Stored data entries
Content starts

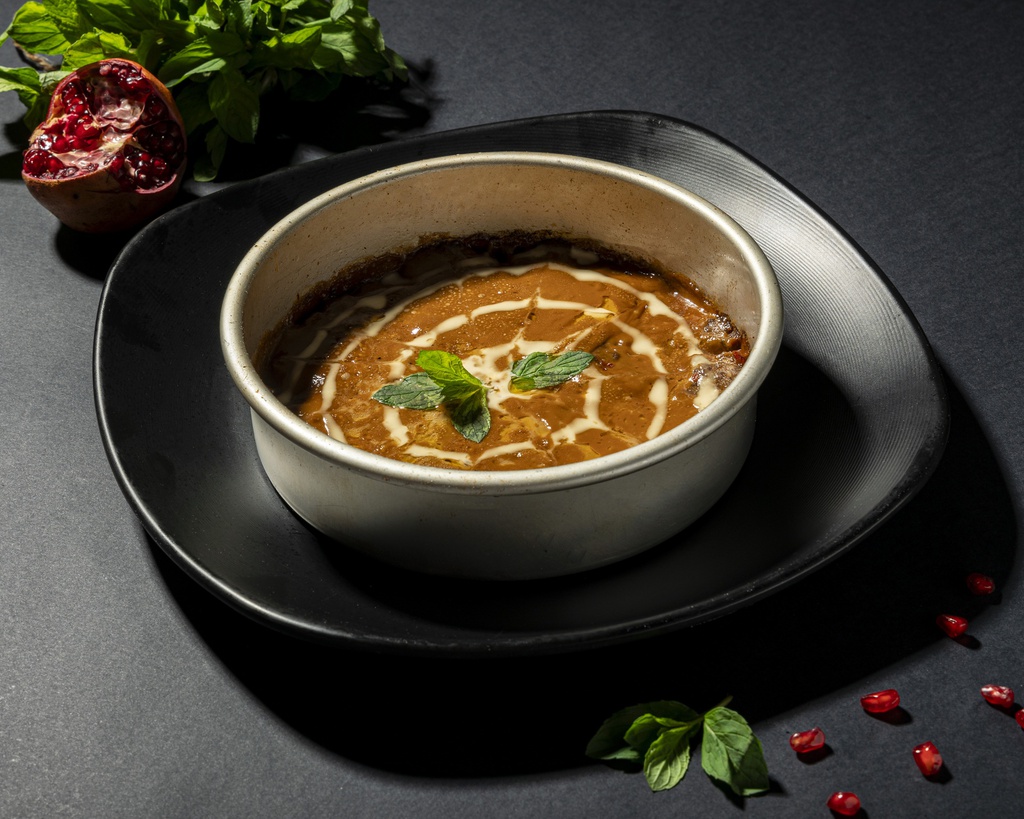 Oven kofta with pomegranate molasses sauce and tahini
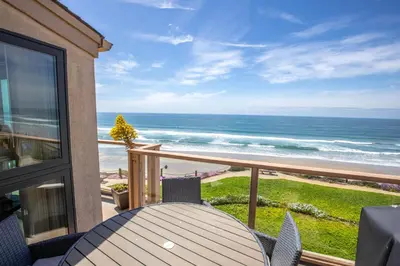 a balcony with a table and chairs and the ocean at Above the Waves - SUR116 in Solana Beach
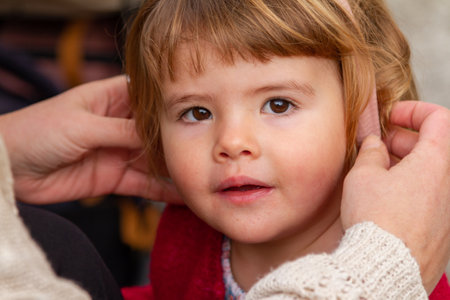 Close up portrait of a cute little girl with long blonde hair.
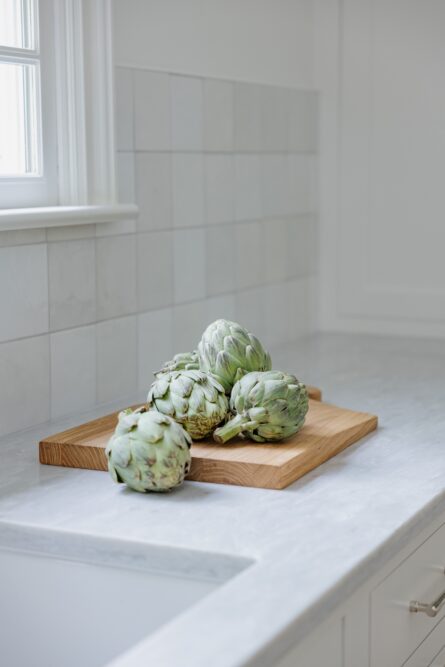 kitchen-counter-detail-artichokes-cutting-board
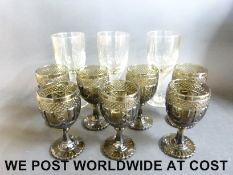 Seven pressed glass wine glasses and three large wine glasses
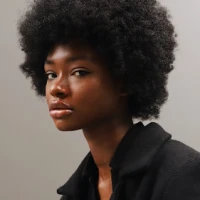 Portrait of a woman with curly hair wearing a black top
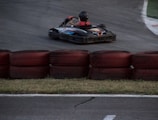 A go-kart zooms around a racetrack, with a driver wearing a helmet and racing suit. Red and black tires are stacked as barriers along the track. The asphalt is dark, and the grass is visible along the edge.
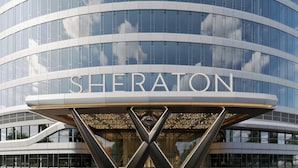 Et moderne Sheraton hotel med en karakteristisk X-formet indgang og store glasfacader.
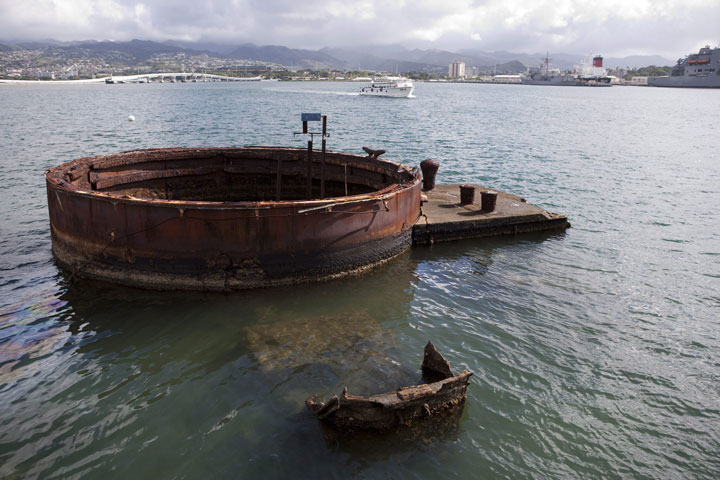 This Dec. 7, 2011 file photo shows a gun turret base from the USS Arizona in Pearl Harbor, Hawaii. The Pentagon is working to identify sailors and Marines killed in the attack on Pearl Harbor more than 70 years ago.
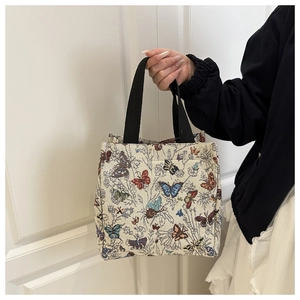 Close-up of a woven tote bag featuring colorful butterfly patterns and black handles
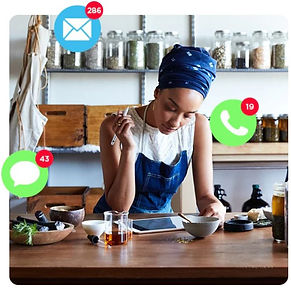 Female Business Owner at her desk working on an smart tablet with message Icons floating around her head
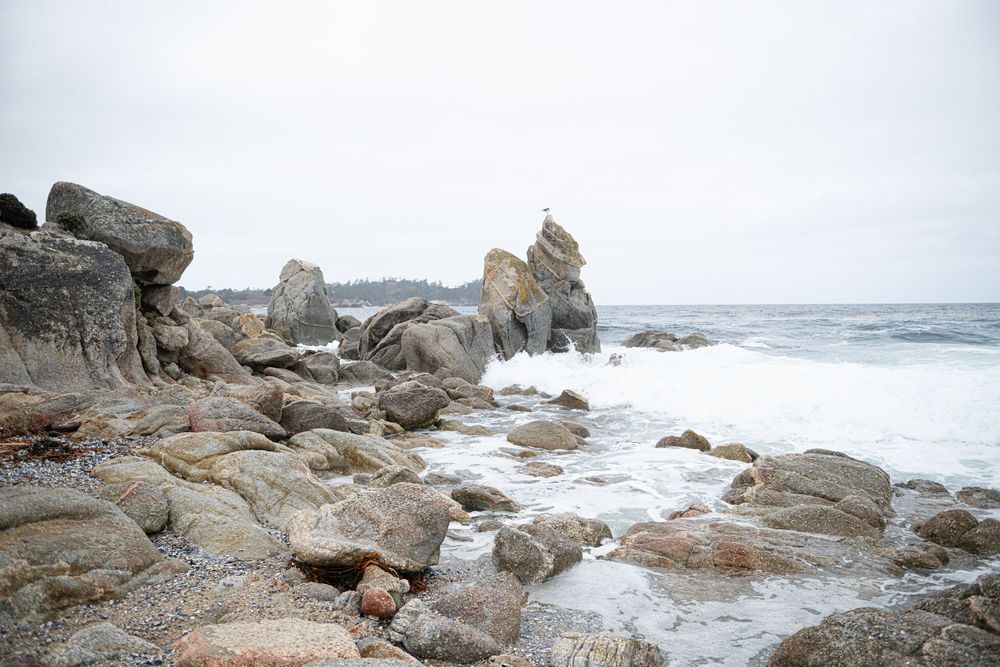 Waves crash along a rugged rocky coastline with large weathered boulders and tide pools under an overcast gray sky.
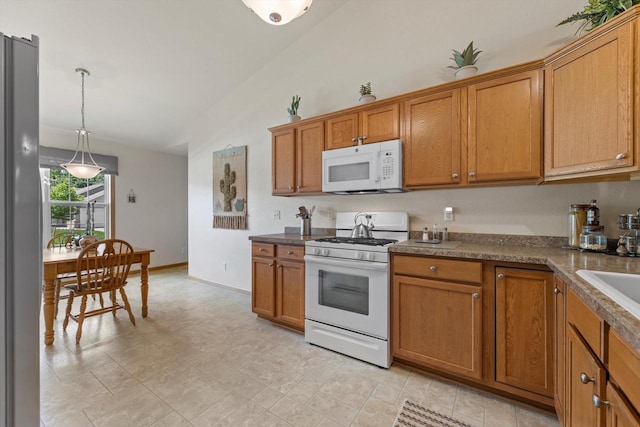 10724 S Christina Ct, Oak Creek, WI 53154 - kitchen featuring white appliances, brown cabinets, pendant lighting, lofted ceiling, and dark countertops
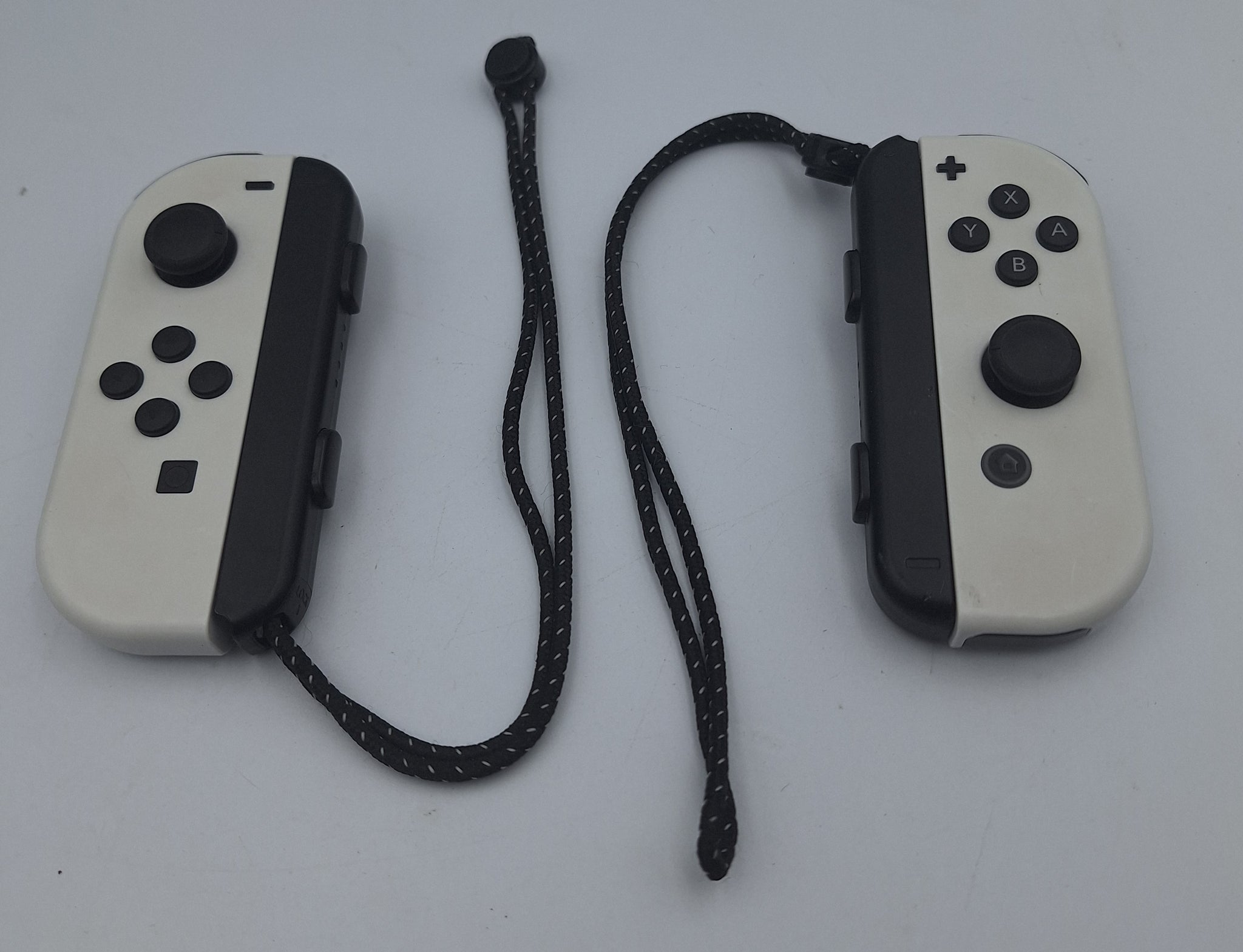 Nintendo Switch OLED 64GB black and white handheld gaming console with dock, charger and joy-con grips unboxed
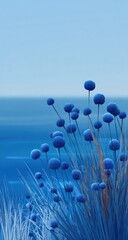Blue flowers by a tranquil sea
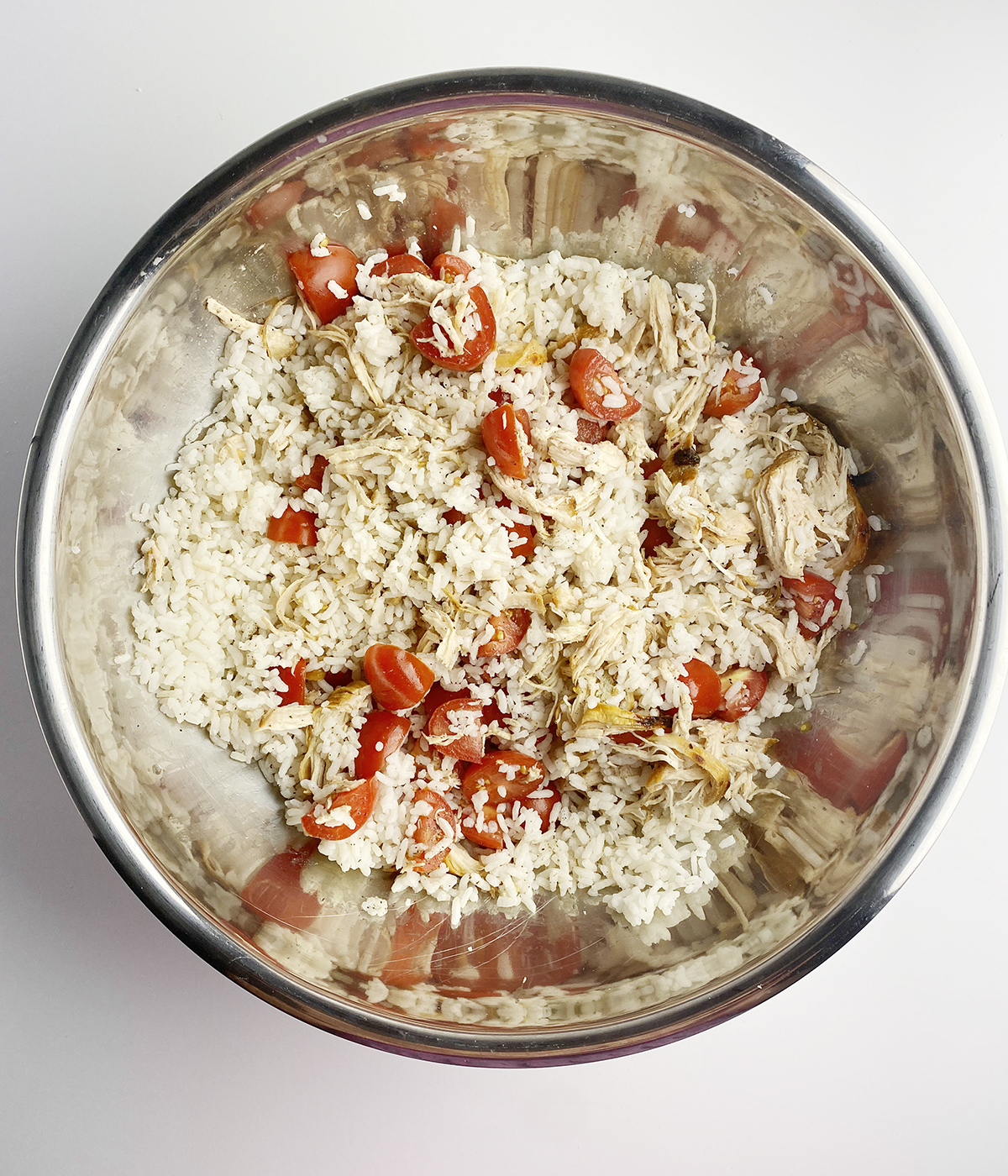 Chicken rice salad tossed in a bowl.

Content ends

## What you need to do
Output the records above exactly; leave out the pictures.

## Task response
 Oven kofta with pomegranate molasses sauce and tahini
 a balcony with a table and chairs and the ocean at Above the Waves - SUR116 in Solana Beach
 Close up portrait of a cute little girl with long blonde hair.
 kitchen-counter-detail-artichokes-cutting-board
 Seven pressed glass wine glasses and three large wine glasses
 Portrait of a woman with curly hair wearing a black top
 A go-kart zooms around a racetrack, with a driver wearing a helmet and racing suit. Red and black tires are stacked as barriers along the track. The asphalt is dark, and the grass is visible along the edge.
 Et moderne Sheraton hotel med en karakteristisk X-formet indgang og store glasfacader.
 This Dec. 7, 2011 file photo shows a gun turret base from the USS Arizona in Pearl Harbor, Hawaii. The Pentagon is working to identify sailors and Marines killed in the attack on Pearl Harbor more than 70 years ago.
 Close-up of a woven tote bag featuring colorful butterfly patterns and black handles
 Female Business Owner at her desk working on an smart tablet with message Icons floating around her head
 Waves crash along a rugged rocky coastline with large weathered boulders and tide pools under an overcast gray sky.
 10724 S Christina Ct, Oak Creek, WI 53154 - kitchen featuring white appliances, brown cabinets, pendant lighting, lofted ceiling, and dark countertops
 Nintendo Switch OLED 64GB black and white handheld gaming console with dock, charger and joy-con grips unboxed
Blue flowers by a tranquil sea
 Chicken rice salad tossed in a bowl.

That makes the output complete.